When Christians are brought before you simply because of their name, is there ever found a criminal of any sort? It is always with your people that the prisons are streaming, the mines are sighing, and the wild beasts are fed. It is from you that the exhibitors of gladiator shows always get their herds of criminals to feed up for the occasion. You will find no Christian there except for simply being one. Or, if one is there as something else, he is a Christian no longer. (Apology 44)
But what is the real authority of human laws, when it is in man’s power both to evade them, by generally managing to hide himself out of the sight of his crimes, and to despise them sometimes, if inclination or necessity leads him to offend? Think of these things, too, in the light of the brevity of any punishment you can inflict—never to last longer than till death. On this ground Epicurus makes light of all suffering and pain, maintaining that if it is small, it is contemptible, and if it is great, it is not long continued. No doubt about it, we, who receive our awards under the judgment of an all-seeing God, and who look forward to eternal punishment from him for sin—we alone make real effort to attain a blameless life, under the influence of our ampler knowledge, the impossibility of concealment, and the greatness of the threatened torment, not merely long-enduring, but everlasting. We fear him, whom he too should fear who is judged by the fearing, even God, I mean, and not the proconsul.(Apology 45)

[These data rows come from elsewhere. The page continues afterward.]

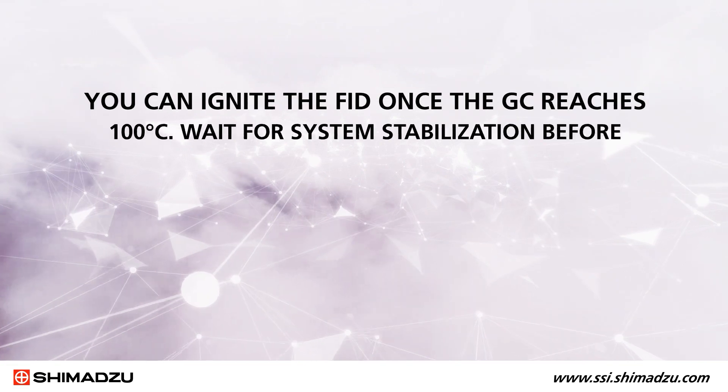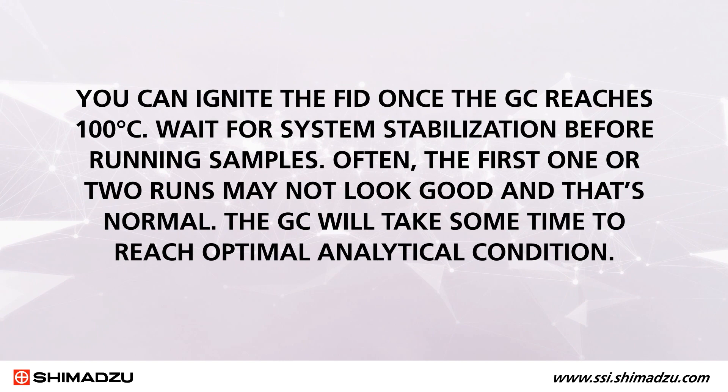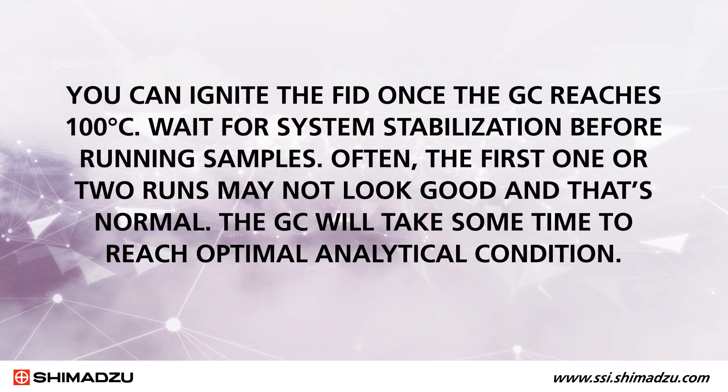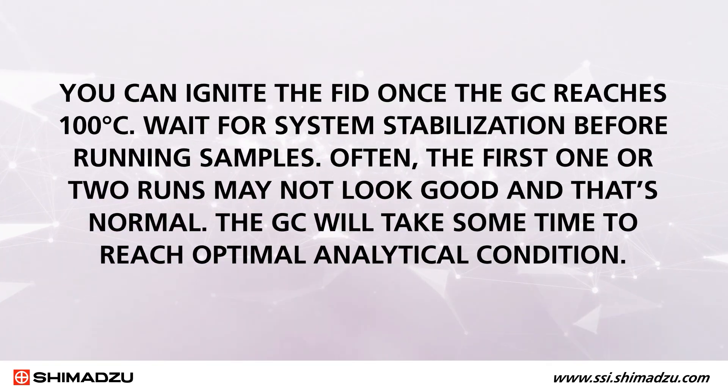You can ignite the FID once the GC reaches 100 degrees Celsius. Wait for system stabilization before running samples. Often, the first one or two runs may not look good, and that's normal. The GC will take some time to reach optimal analytical condition.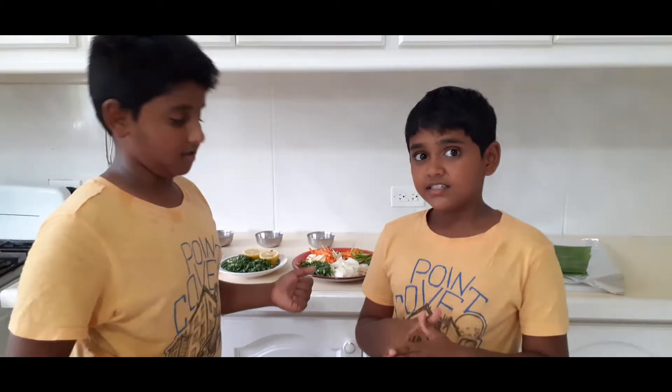Hi and welcome back to Action Family. My name is Babin. My name is Dias. So today Babin, tell us what we're doing. Today we're going to make some fish. Steam fish!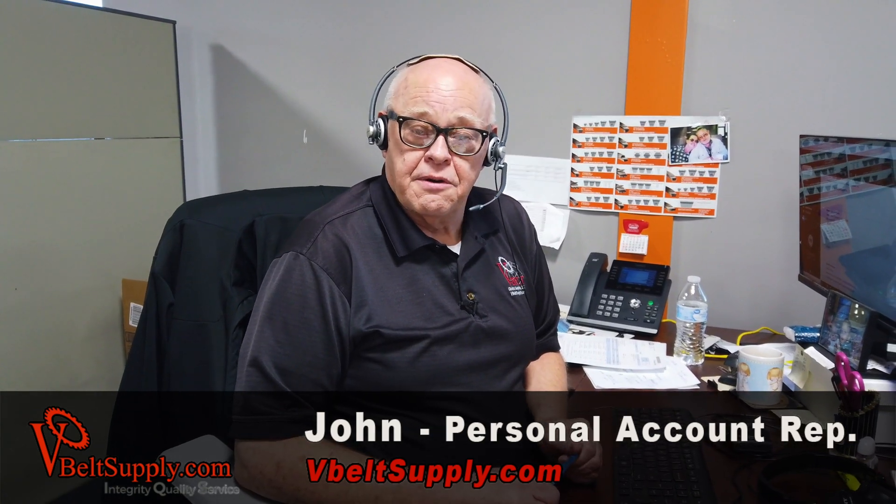Hi, I'm John with vBeltsPy.com. I just got off the phone with a gentleman who has a mining company and we sold him a banded belt — an 8-groove, 8B Kevlar belt — and he installed it.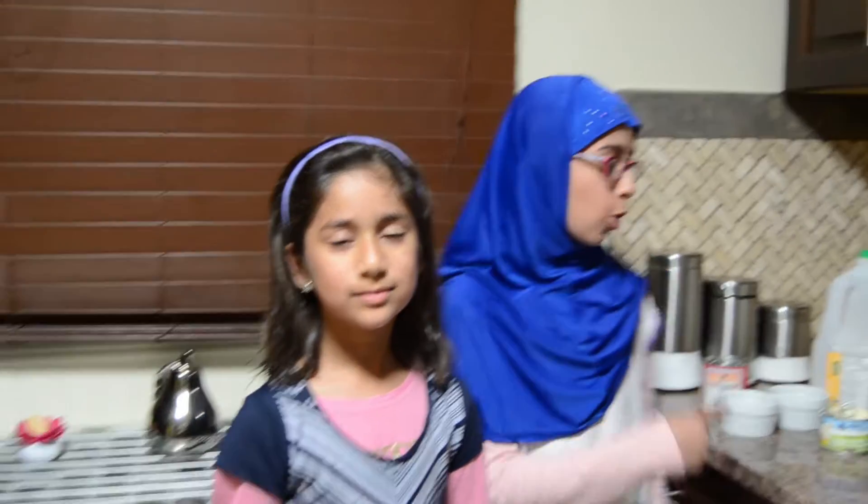As-salamu alaykum wa rahmatullahi wa barakatuhu. Hope you all are fine. Today Nabiha and I are going to be making this cold mocha. Right now it's very dark outside, it's night time, and we are craving some cold mocha — these are our night dresses. I never drank this for ages, I can't wait to drink it.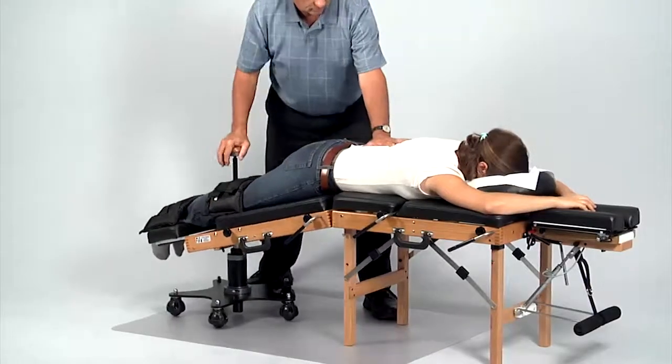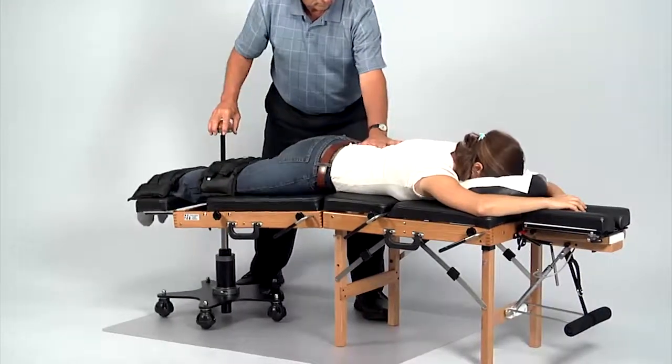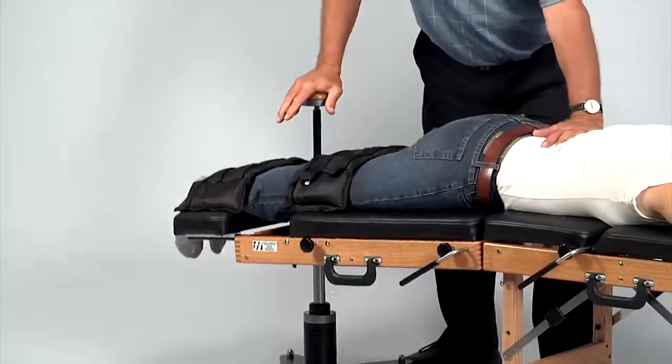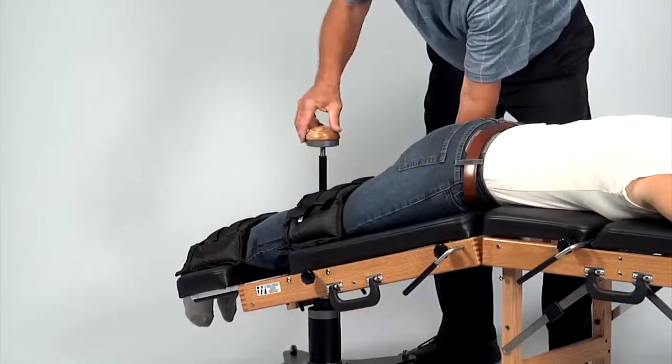The mast's position indicator button is in the red position, allowing Dr. Thule to flex the table. He achieves distraction with one hand on the patient's back pushing gently away while flexing the back half of the table with his other hand. He may lock the table at any angle by turning the control knob to shift the button to the white position.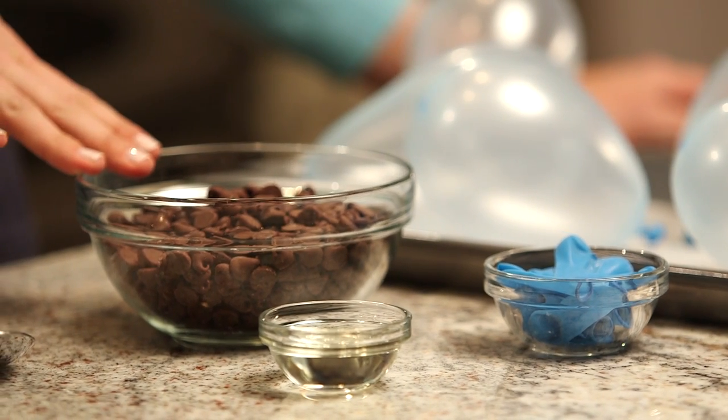All you'll need is some chocolate chips, a little bit of vegetable oil which helps to thin the chocolate, and some water balloons. I started by lining a baking sheet with parchment paper and blowing up my balloons. It's important to use small water balloons because we're making individual-sized chocolate bowls.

It is quite true that it is our desire to suffer, but it is in the way that a soldier longs for war. Indeed, no one suffers willingly, since suffering implies fear and danger. Yet the man who objected to the conflict both fights with all his strength, and, once victorious, he rejoices in battle because he reaps from it glory and spoil. It is our battle to be summoned to your tribunals that there, under fear of execution, we may battle for the truth. The day is won when the object of the struggle is gained. This victory of ours gives us the glory of pleasing God and the spoil of eternal life. (Apology 50)
Go zealously on, good presidents! you will stand higher with the people if you sacrifice the Christians at their wish. Kill us, torture us, condemn us, grind us to dust. Your injustice is the proof that we are innocent.
Therefore God suffers that we suffer like this. For lately, in condemning a Christian woman to the leno [pimp or seducer] rather than to the leo [lion], you confess that a taint on our purity is considered among us something more terrible than any punishment and any death.
Nor does your cruelty, however exquisite, do you any good. It's just a temptation to us. The more often we are mown down by you, the more in number we grow; the blood of Christians is seed. (Apology 50)
It is our battle to be summoned to your tribunals that there, under fear of execution, we may battle for the truth. But the day is won when the object of the struggle is gained. This victory of ours gives us the glory of pleasing God, and the spoil of life eternal. (Apology 50)
But the very desperation and recklessness you object to in us, among yourselves lift high the standard of virtue in the cause of glory and of fame. Mucius of his own will left his right hand on the altar: what sublimity of mind! Empedocles gave his whole body at Catana to the fires of Ætna: what mental resolution! A certain foundress of Carthage gave herself away in second marriage to the funeral pile: what a noble witness of her chastity! Regulus, not wishing that his one life should count for the lives of many enemies, endured these crosses over all his frame: how brave a man—even in captivity a conqueror! Anaxarchus, when he was being beaten to death by a barley-pounder, cried out, “Beat on, beat on at the case of Anaxarchus; no stroke falls on Anaxarchus himself.” O magnanimity of the philosopher, who even in such an end had jokes upon his lips! I omit all reference to those who with their own sword, or with any other milder form of death, have bargained for glory. Nay, see how even torture contests are crowned by you. The Athenian courtezan, having wearied out the executioner, at last bit off her tongue and spat it in the face of the raging tyrant, that she might at the same time spit away her power of speech, nor be longer able to confess her fellow-conspirators, if even overcome, that might be her inclination. (Apology 50)
Commodianus, c. AD 240
I admonish the faithful not to hold their brothers and sisters in hatred. Hatred is considered ungodly even in martyrs for the flame.†The martyr is destroyed whose confession is of such a kind, Nor is it taught that this evil is expiated by the shedding of blood. A law is given to the unrighteous man so that he may restrain himself.†Therefore, he ought to be free from ill will; you ought to as well! You sin twice against God, if your strife reaches your brother. You will not avoid sin following your former way of life.† Thou hast once been washed [i.e., baptized]:†shall you be able to be immersed again? (Instructions of Commodianus 47)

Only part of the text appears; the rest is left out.